SOURCE RECORDS:
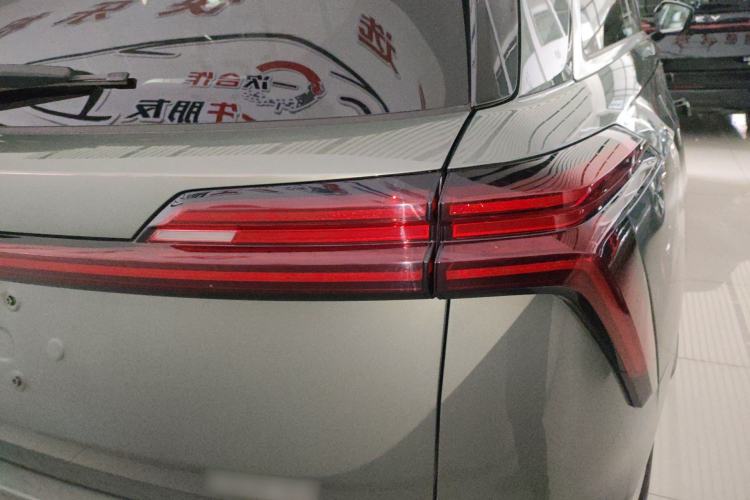 Used Wey Lanshan 2025 Four-Wheel Drive Max Right Rear Taillight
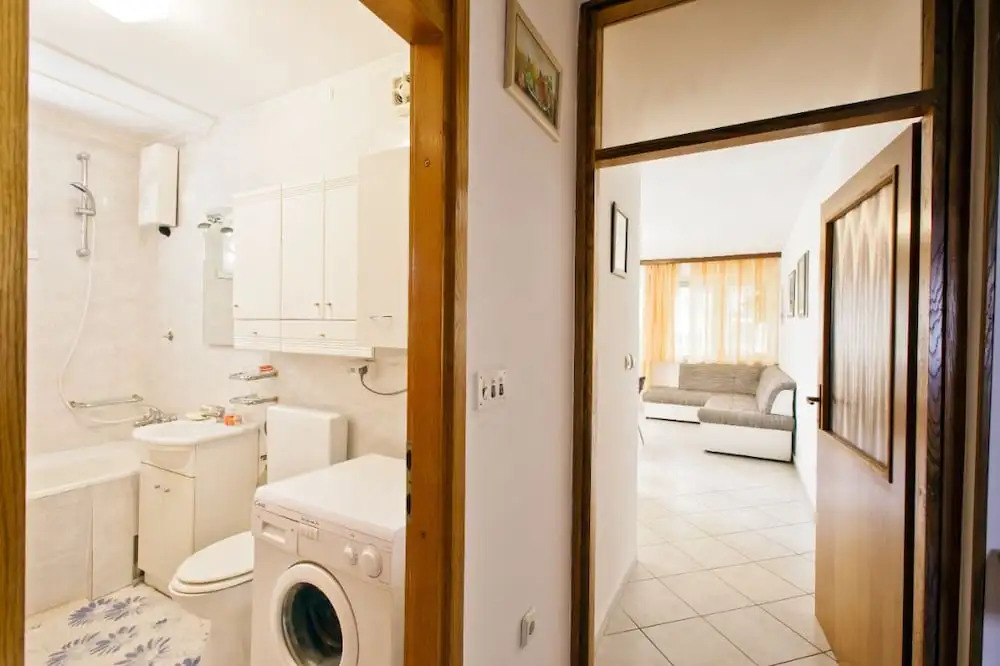 Spacious apartment 2 rooms free parking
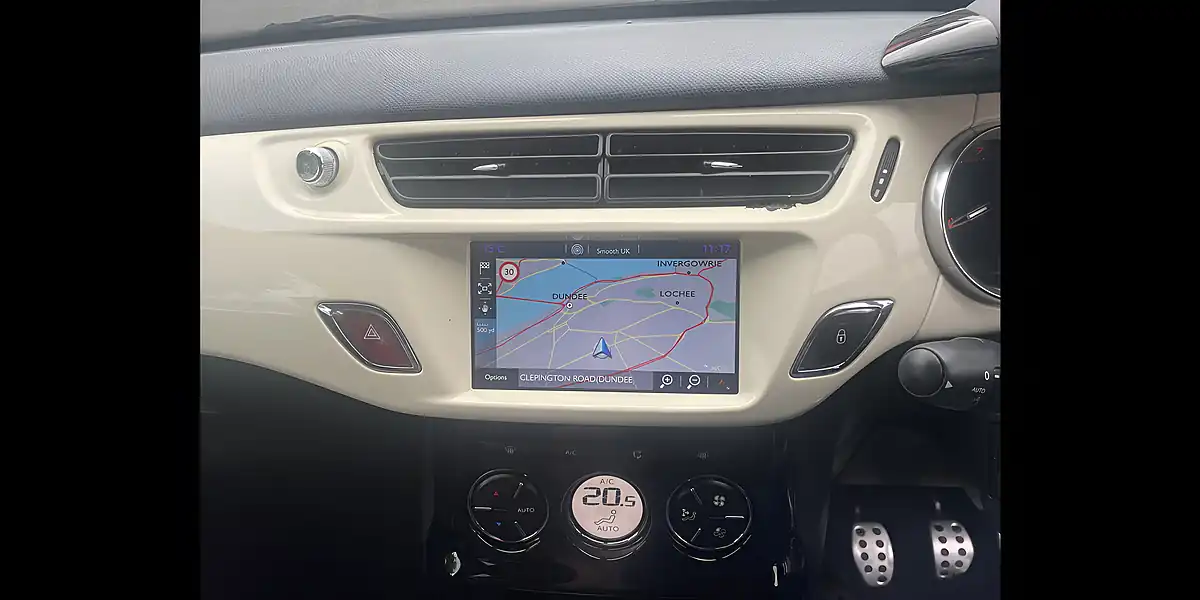 Used 2018 DS Automobiles DS 3 Cafe Racer Grey - Interior and Exterior details 17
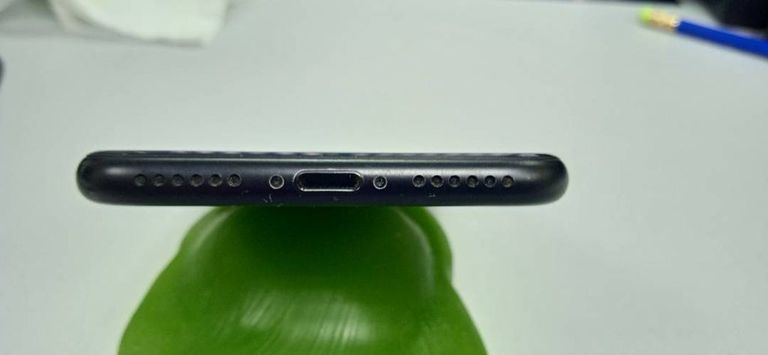 Розпродаж Apple iphone 7 32gb, продавець Техноскарб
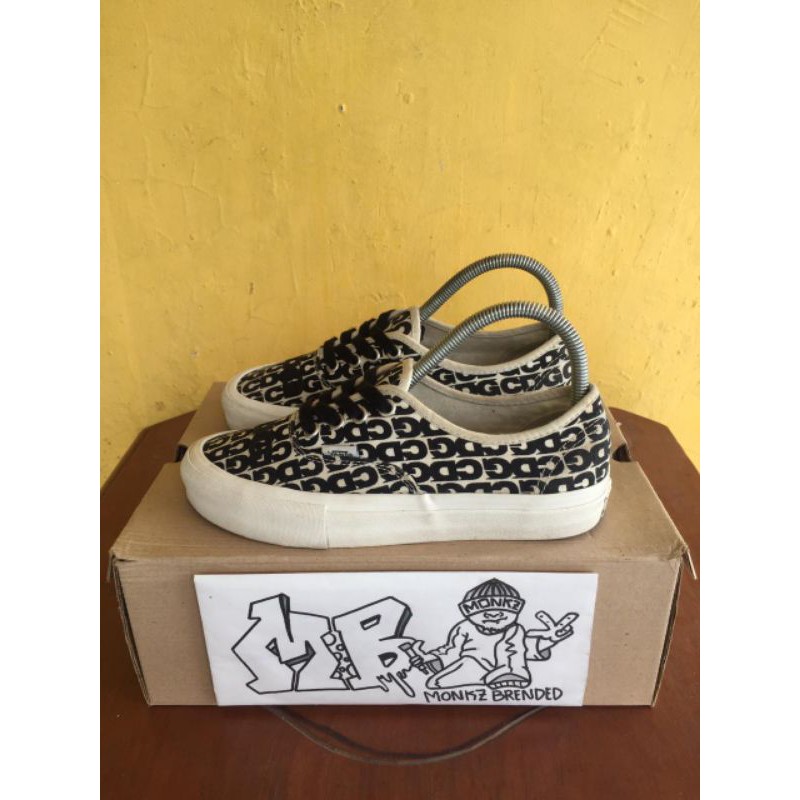 VANS AUTENTIC X CDG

TO DO: Everything from the line containing "Spacious apartment 2 rooms free parking" to the last line of the listing above is to be written out exactly, except the pictures, and nothing else.

RESPONSE TO THE EXERCISE:
 Spacious apartment 2 rooms free parking
 Used 2018 DS Automobiles DS 3 Cafe Racer Grey - Interior and Exterior details 17
 Розпродаж Apple iphone 7 32gb, продавець Техноскарб
 VANS AUTENTIC X CDG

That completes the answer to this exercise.